__What you are asked to do__
Copy the records below exactly as they stand. Leave out the pictures.

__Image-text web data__
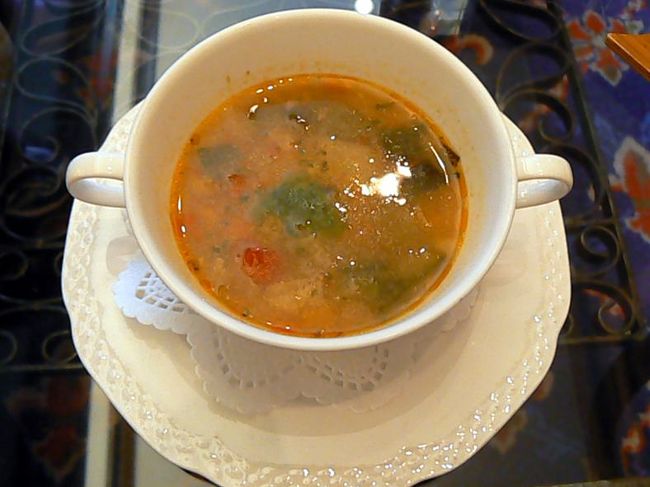 ミネストローネ　<br />サラダとセットで ￥５２５−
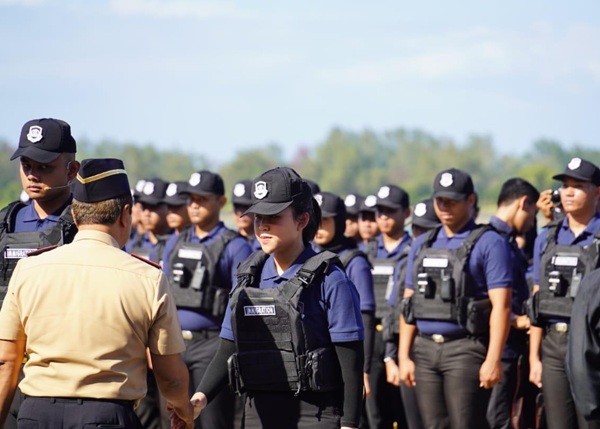 Menteri Imigrasi dan Pemasyarakatan RI, Agus Andrianto, mengukuhkan Satgas Patroli Imigrasi di Pelabuhan Benoa, Denpasar, Selasa (5/8/2025). (Foto; istimewa)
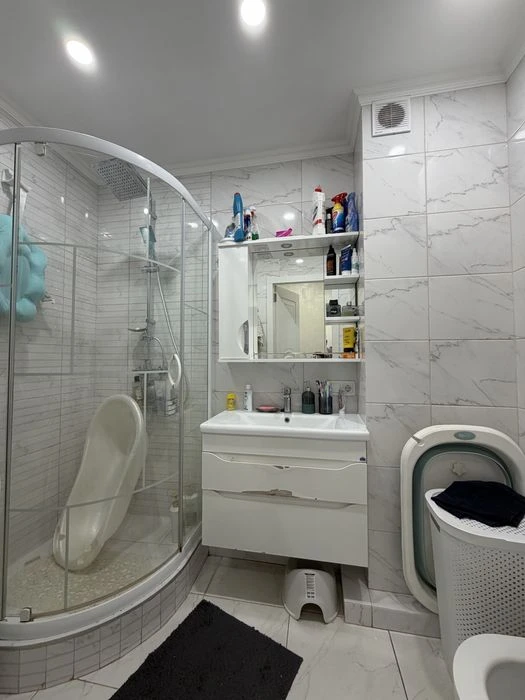 Продам 3-комн квартиру на Таирова, Академика Глушко (Ярослая)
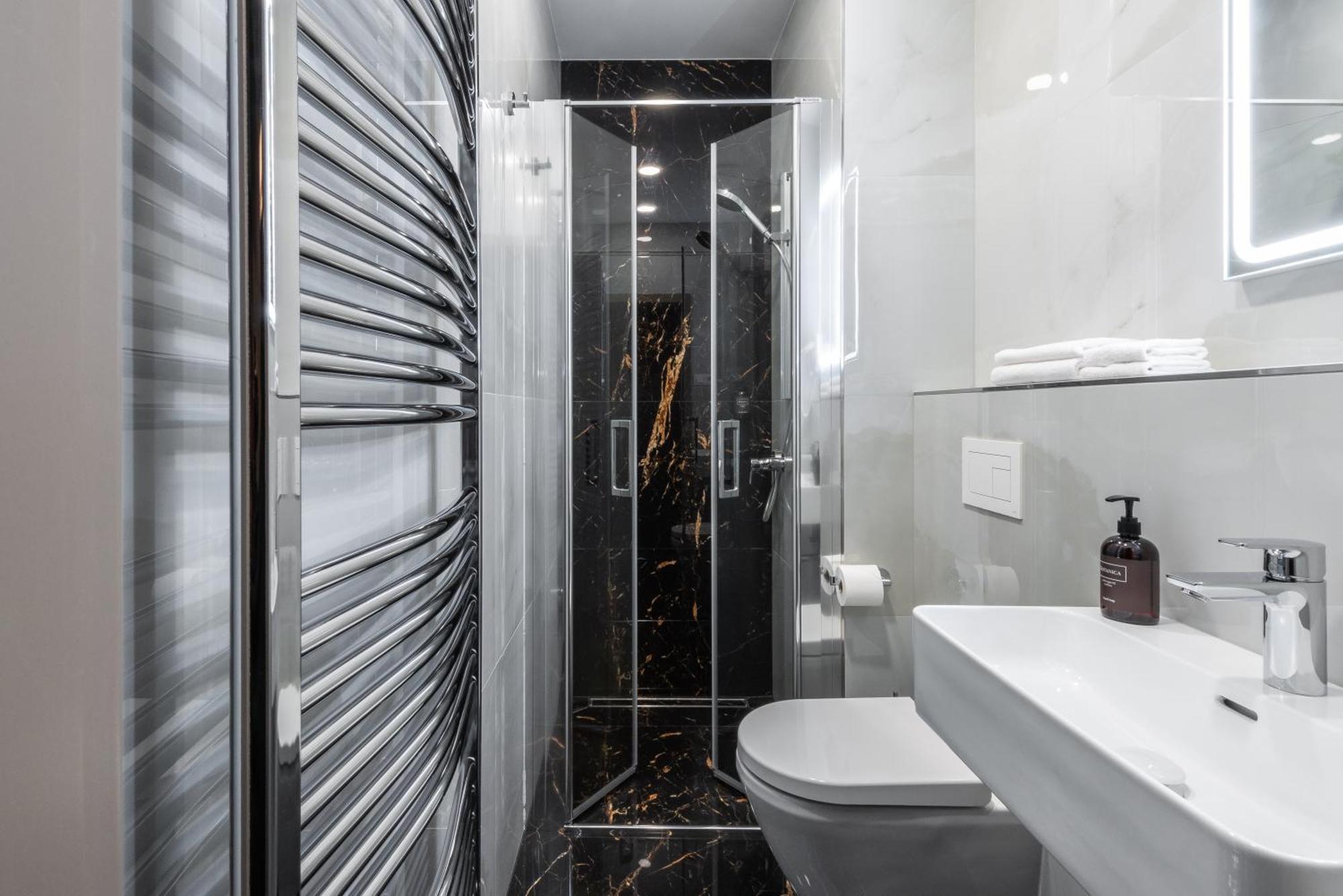 Pappas Hotel&Studio Подебрады Экстерьер фото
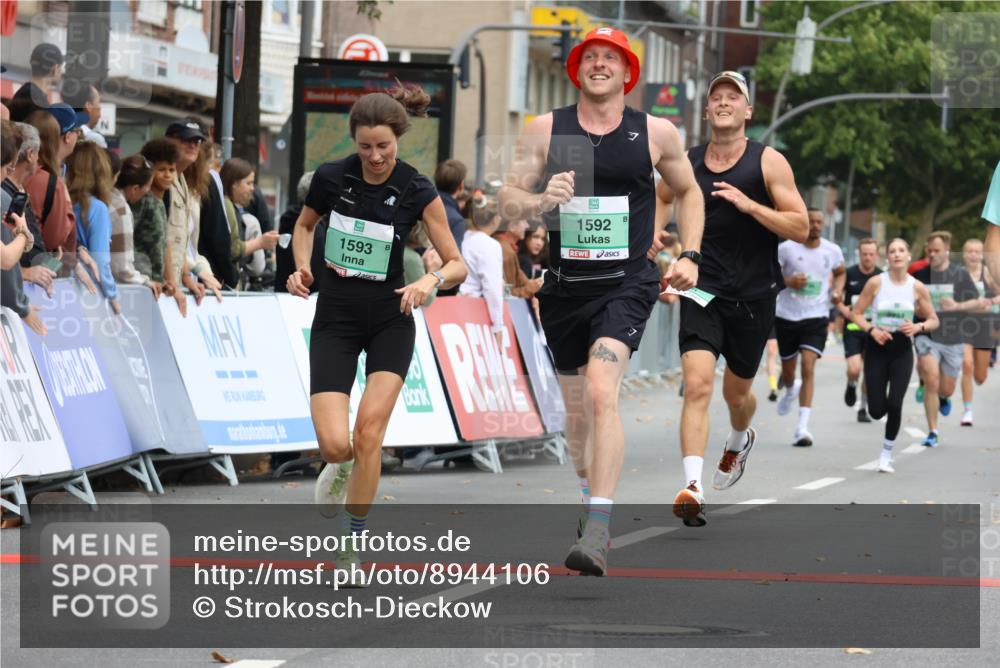 21.09.2025 - PSD Bank Halbmarathon Strokosch-Dieckow http://msf.ph/oto/8944106 21.09.2025 11:43:31 Ziel 1073, 1336, 1592, 1593, 2208, 2252, 2267, 3188, 3934 meine-sportfotos.de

__Problem solution__
 ミネストローネ　<br />サラダとセットで ￥５２５−
 Menteri Imigrasi dan Pemasyarakatan RI, Agus Andrianto, mengukuhkan Satgas Patroli Imigrasi di Pelabuhan Benoa, Denpasar, Selasa (5/8/2025). (Foto; istimewa)
 Продам 3-комн квартиру на Таирова, Академика Глушко (Ярослая)
 Pappas Hotel&Studio Подебрады Экстерьер фото
 21.09.2025 - PSD Bank Halbmarathon Strokosch-Dieckow http://msf.ph/oto/8944106 21.09.2025 11:43:31 Ziel 1073, 1336, 1592, 1593, 2208, 2252, 2267, 3188, 3934 meine-sportfotos.de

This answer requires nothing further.